▸ **TASK DETAILS**: Copy out the first line of the listing and every line after it, exactly, until you have copied the line containing "Ein Schlafzimmer mit".
————
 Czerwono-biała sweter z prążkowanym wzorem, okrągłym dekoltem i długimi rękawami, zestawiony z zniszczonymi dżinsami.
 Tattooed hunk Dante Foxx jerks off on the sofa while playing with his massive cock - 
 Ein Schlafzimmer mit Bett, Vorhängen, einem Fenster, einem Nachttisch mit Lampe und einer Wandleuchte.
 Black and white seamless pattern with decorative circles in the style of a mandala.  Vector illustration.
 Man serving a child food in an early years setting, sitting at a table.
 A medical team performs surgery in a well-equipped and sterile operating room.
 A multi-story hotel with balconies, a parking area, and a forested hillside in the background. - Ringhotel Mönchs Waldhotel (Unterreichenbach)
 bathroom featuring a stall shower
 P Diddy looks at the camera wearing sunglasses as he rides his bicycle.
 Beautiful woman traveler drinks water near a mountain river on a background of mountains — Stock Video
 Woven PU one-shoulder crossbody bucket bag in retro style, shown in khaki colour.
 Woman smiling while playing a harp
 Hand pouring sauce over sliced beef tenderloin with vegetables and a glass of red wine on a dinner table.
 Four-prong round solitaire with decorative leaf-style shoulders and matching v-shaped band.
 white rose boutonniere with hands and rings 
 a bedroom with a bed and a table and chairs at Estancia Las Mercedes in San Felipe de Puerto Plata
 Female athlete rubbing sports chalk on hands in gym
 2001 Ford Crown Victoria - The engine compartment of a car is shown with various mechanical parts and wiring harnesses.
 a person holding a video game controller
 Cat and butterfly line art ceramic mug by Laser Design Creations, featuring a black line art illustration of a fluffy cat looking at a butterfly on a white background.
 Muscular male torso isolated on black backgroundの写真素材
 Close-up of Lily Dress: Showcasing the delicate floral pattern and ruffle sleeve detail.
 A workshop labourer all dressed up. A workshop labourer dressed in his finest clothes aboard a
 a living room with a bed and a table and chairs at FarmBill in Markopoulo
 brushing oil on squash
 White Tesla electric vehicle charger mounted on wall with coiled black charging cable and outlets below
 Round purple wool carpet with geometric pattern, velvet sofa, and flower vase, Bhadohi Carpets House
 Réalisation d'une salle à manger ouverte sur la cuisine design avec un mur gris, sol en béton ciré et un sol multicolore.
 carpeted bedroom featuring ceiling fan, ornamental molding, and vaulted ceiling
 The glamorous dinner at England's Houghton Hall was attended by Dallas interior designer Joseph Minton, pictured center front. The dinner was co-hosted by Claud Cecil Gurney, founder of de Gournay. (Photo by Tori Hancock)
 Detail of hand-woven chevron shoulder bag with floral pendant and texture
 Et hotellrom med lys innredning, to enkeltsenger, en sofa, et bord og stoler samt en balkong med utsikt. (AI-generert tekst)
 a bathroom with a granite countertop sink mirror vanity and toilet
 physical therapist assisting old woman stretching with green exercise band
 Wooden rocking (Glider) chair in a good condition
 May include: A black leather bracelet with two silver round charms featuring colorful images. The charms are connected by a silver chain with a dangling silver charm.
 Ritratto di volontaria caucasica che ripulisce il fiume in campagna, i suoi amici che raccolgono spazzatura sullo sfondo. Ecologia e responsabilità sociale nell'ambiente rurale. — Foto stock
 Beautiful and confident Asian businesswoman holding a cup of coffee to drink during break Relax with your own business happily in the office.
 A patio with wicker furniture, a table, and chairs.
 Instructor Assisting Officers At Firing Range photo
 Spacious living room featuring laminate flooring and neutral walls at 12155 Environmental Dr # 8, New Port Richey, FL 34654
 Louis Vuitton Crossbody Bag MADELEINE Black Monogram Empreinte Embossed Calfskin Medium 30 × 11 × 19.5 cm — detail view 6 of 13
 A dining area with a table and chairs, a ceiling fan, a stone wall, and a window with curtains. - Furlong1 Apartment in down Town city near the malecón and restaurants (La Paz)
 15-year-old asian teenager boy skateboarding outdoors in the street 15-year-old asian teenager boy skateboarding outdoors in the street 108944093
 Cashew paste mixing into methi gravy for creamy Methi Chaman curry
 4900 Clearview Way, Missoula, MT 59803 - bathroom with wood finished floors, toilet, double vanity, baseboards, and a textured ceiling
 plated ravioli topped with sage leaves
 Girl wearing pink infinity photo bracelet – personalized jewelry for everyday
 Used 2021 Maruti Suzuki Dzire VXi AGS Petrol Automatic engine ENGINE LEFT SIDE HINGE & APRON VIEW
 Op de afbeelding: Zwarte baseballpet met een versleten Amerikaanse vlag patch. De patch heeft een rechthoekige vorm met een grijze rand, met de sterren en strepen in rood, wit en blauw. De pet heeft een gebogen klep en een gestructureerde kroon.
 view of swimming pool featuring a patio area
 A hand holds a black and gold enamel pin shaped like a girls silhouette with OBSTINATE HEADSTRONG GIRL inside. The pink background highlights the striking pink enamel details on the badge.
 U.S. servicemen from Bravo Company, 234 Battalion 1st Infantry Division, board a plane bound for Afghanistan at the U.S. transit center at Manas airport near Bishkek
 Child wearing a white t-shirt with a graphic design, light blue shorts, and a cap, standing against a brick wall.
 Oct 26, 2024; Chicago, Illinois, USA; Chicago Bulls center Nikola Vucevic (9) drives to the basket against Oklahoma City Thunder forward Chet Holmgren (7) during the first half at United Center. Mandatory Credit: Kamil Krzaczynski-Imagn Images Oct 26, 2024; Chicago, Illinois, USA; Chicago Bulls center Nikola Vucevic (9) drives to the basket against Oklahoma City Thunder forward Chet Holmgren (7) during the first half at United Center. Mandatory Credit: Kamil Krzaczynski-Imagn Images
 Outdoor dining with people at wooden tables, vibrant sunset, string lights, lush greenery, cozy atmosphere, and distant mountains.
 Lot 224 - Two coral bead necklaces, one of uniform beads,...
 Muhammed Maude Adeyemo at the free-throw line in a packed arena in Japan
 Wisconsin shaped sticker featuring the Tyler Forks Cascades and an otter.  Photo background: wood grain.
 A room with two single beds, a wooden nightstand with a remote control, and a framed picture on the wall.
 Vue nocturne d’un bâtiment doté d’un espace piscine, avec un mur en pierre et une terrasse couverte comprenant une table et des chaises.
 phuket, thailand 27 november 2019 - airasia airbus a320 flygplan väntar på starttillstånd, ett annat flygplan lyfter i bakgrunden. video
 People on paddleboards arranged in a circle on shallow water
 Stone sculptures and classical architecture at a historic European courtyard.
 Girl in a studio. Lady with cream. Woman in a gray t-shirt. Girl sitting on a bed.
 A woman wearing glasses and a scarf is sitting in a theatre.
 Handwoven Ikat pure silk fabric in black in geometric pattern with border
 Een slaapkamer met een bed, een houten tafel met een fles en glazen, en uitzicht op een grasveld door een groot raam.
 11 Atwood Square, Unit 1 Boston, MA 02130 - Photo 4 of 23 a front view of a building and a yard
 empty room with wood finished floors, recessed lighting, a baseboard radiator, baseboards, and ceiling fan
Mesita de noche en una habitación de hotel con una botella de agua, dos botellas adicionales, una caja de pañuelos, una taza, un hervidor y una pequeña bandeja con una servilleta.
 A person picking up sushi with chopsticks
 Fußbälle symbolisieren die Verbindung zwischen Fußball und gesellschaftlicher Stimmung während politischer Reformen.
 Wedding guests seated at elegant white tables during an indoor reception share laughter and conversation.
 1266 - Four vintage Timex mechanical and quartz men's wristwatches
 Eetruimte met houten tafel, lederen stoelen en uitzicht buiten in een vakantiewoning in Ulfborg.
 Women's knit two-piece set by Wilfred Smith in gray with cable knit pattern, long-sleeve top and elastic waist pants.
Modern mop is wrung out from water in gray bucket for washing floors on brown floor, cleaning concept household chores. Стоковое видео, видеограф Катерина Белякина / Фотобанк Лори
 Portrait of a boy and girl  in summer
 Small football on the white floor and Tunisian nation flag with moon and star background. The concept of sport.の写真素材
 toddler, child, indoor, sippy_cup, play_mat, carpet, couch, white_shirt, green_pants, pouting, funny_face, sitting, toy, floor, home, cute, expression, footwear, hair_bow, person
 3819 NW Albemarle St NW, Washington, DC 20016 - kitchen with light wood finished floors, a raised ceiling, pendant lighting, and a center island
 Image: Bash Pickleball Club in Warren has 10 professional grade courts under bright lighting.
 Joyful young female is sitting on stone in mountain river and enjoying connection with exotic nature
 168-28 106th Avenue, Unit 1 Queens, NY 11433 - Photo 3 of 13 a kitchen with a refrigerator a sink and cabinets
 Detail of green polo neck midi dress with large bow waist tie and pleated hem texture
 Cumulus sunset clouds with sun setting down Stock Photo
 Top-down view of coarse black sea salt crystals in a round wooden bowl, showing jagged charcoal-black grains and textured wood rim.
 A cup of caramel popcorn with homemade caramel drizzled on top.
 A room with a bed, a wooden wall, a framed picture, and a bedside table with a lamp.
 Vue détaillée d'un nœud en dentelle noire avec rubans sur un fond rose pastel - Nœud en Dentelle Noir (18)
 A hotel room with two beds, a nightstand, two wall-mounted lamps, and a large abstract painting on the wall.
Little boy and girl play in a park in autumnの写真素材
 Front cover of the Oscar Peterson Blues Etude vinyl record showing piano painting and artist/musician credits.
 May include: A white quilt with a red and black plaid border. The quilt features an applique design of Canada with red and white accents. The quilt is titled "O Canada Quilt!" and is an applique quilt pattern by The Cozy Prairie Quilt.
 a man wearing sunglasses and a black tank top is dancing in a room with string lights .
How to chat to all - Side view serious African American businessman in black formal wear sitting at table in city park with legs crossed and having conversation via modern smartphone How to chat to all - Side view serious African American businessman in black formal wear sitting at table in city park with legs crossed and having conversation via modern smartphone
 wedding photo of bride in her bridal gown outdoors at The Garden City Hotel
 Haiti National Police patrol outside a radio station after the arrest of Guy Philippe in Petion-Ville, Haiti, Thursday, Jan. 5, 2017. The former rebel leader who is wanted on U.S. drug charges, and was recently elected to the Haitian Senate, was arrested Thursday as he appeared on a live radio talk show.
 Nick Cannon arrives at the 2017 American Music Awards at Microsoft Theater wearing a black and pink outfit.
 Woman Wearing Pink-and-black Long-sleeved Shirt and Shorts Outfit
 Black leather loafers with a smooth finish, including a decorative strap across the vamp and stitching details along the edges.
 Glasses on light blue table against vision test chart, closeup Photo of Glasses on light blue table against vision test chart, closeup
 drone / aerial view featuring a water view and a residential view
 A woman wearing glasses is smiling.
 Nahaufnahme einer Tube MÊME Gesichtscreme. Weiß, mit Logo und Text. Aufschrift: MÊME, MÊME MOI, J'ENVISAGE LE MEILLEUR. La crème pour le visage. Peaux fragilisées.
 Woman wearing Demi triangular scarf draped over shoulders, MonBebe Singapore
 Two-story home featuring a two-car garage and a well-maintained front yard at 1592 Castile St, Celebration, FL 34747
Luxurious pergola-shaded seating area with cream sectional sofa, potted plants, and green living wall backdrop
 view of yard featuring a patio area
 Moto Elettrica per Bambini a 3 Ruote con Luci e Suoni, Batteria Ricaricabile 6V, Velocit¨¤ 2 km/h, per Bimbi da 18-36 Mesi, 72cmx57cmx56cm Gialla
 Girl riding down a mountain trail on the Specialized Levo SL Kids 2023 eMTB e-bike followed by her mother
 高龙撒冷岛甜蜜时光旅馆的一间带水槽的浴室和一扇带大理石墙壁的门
————
▸ **TASK RESULT**:
 Czerwono-biała sweter z prążkowanym wzorem, okrągłym dekoltem i długimi rękawami, zestawiony z zniszczonymi dżinsami.
 Tattooed hunk Dante Foxx jerks off on the sofa while playing with his massive cock - 
 Ein Schlafzimmer mit Bett, Vorhängen, einem Fenster, einem Nachttisch mit Lampe und einer Wandleuchte.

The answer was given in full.